**SOURCE DATA**
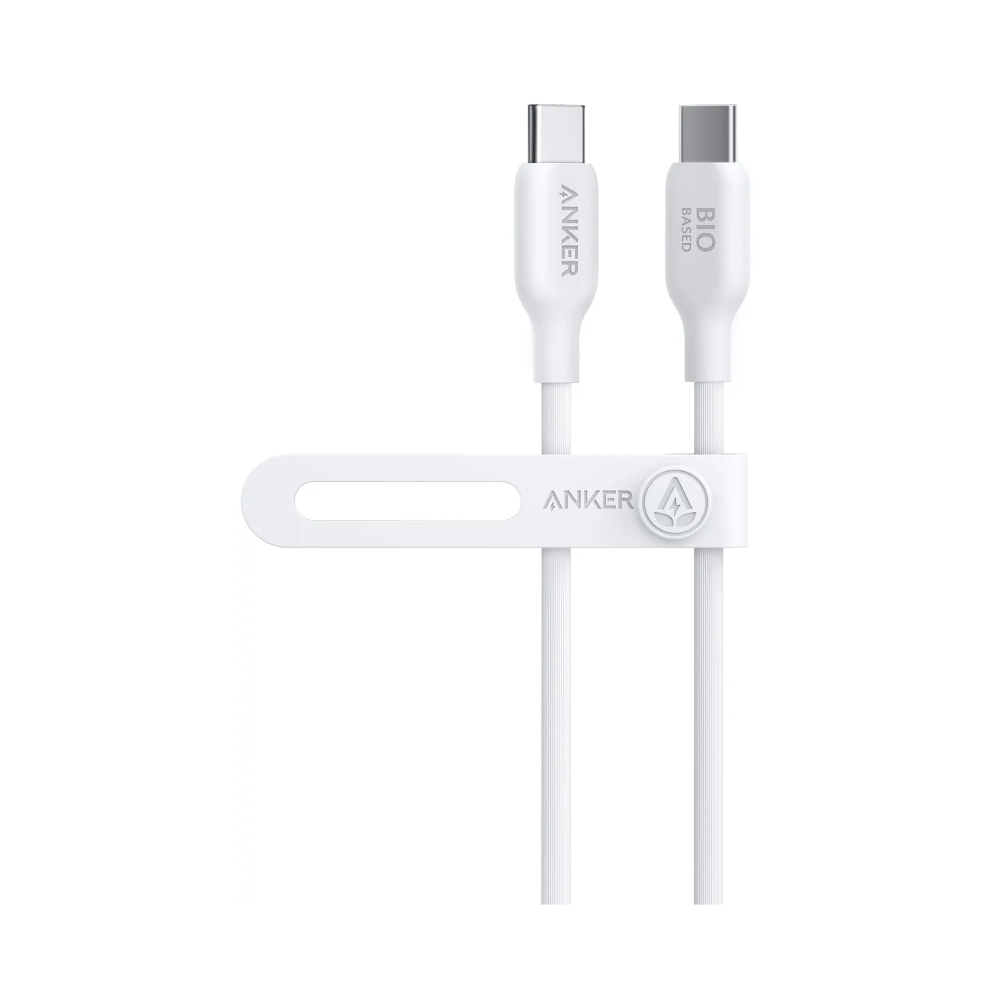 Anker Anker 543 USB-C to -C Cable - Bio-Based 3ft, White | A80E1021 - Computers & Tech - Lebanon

* * *

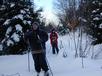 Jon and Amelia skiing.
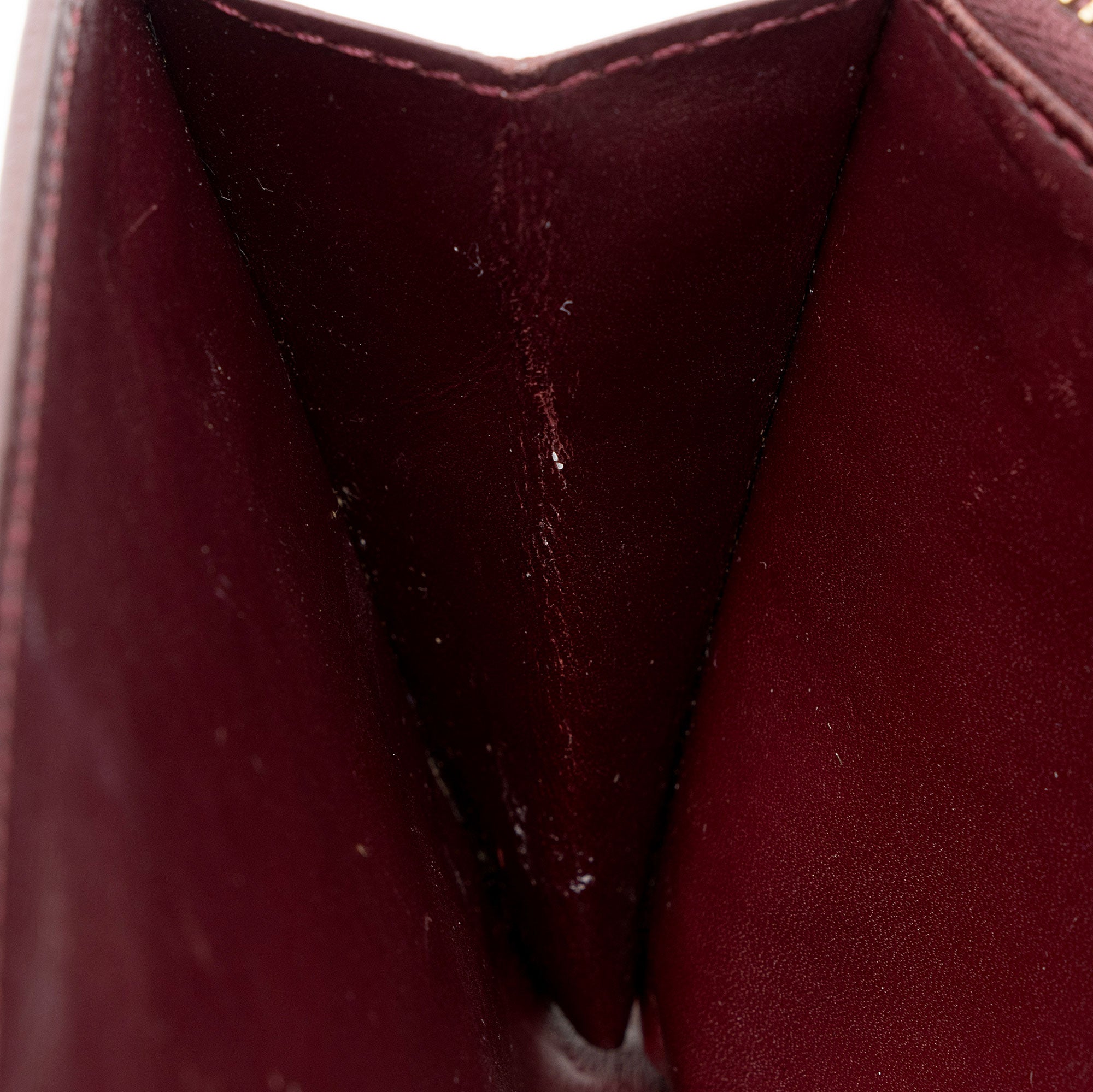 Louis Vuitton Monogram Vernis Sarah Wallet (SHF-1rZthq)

--

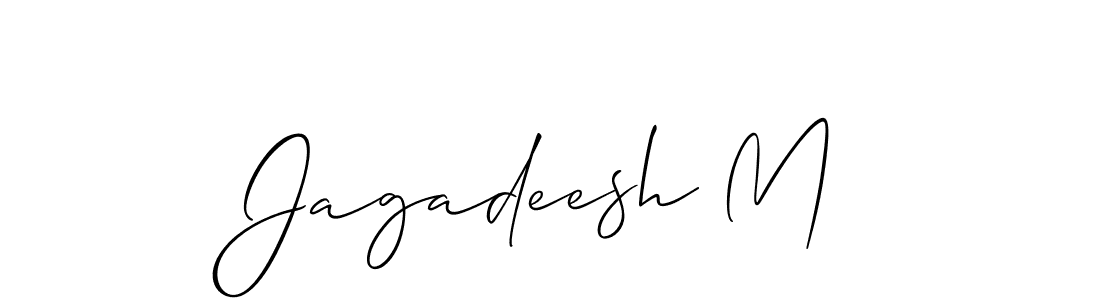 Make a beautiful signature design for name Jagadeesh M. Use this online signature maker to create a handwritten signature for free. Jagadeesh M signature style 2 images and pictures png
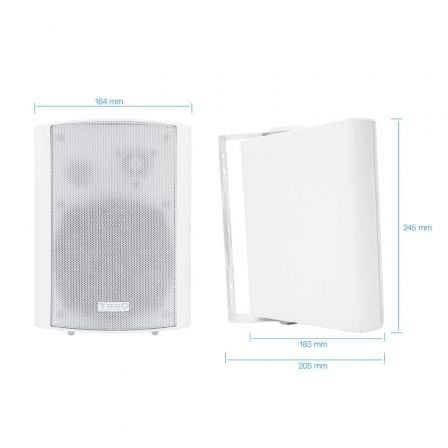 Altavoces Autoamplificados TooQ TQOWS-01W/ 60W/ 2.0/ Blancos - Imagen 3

**EXERCISE DETAILS**
Copy only these lines from the records above, exactly: the one with "Jon and Amelia skiing.", the one with "Louis Vuitton Monogram", and those between. Skip the pictures.

**RESULT FOR THIS EXERCISE**
 Jon and Amelia skiing.
 Louis Vuitton Monogram Vernis Sarah Wallet (SHF-1rZthq)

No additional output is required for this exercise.